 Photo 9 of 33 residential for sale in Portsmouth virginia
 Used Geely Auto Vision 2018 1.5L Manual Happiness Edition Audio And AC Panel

========

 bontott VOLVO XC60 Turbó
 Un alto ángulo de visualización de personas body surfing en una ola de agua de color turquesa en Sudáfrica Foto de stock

========

[Exercise instructions] Your task is to restate, word for word, only those lines above that fall between the line holding "Photo 9 of 33" and the line holding "Used Geely Auto", inclusive.

[Exercise output]
 Photo 9 of 33 residential for sale in Portsmouth virginia
 Used Geely Auto Vision 2018 1.5L Manual Happiness Edition Audio And AC Panel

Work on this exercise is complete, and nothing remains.